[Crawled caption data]
>>>>>
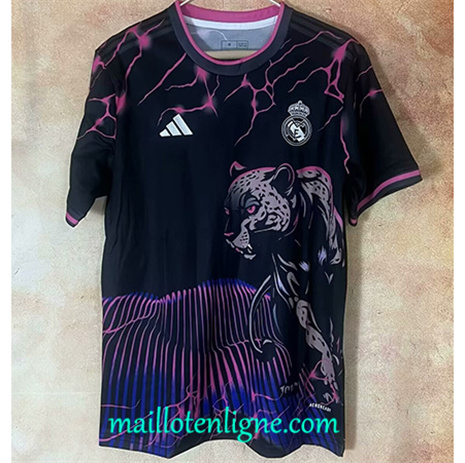 Thai Maillot Real Madrid Training noir/Purple 2024 2025 ligne 120233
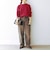 〈手洗い可能〉コットン カシミヤ スウェットライク ニット 26AW◆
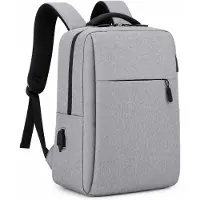 VHV - Laptophoes 15 - Waterbestendige laptoprugzak - Grijs - Laptop hoes - Laptoptas dames - Laptoptas heren - Laptop rugzak - op reis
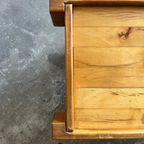 Brutalist Pine Side Table thumbnail 10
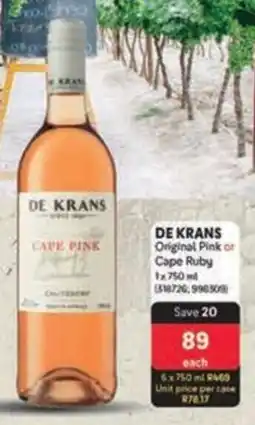 Makro DE KRANS Original Pink or Cape Ruby offer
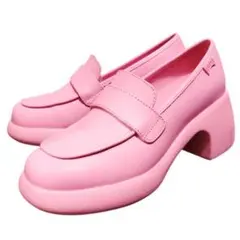 美品 CAMPER カンペール テルマ 厚底 ローファー パンプス 36 ピンクのサムネイル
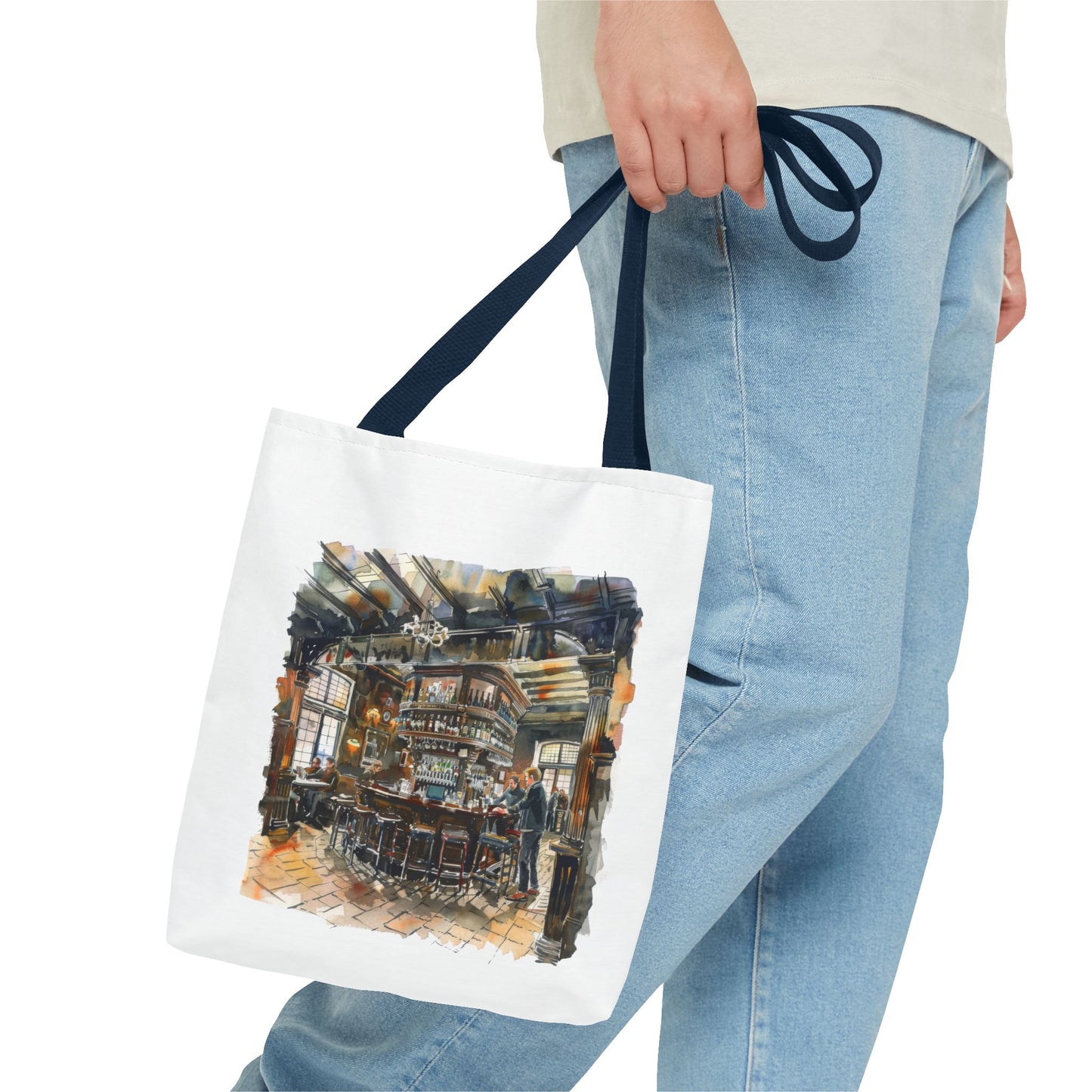 Cozy Coffee Shop Tote Bag | Art Tote for Cafe Lovers, Eco-Friendly Shopping Bag, Stylish Carry-All, Gift for Coffee Enthusiasts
<<<<<
What is being asked -
Write out each entry exactly; any pictures stay out of the copy.

Problem solution -
 Thai Maillot Real Madrid Training noir/Purple 2024 2025 ligne 120233
 〈手洗い可能〉コットン カシミヤ スウェットライク ニット 26AW◆
 VHV - Laptophoes 15 - Waterbestendige laptoprugzak - Grijs - Laptop hoes - Laptoptas dames - Laptoptas heren - Laptop rugzak - op reis
 Brutalist Pine Side Table thumbnail 10
 Makro DE KRANS Original Pink or Cape Ruby offer
 美品 CAMPER カンペール テルマ 厚底 ローファー パンプス 36 ピンクのサムネイル
 Cozy Coffee Shop Tote Bag | Art Tote for Cafe Lovers, Eco-Friendly Shopping Bag, Stylish Carry-All, Gift for Coffee Enthusiasts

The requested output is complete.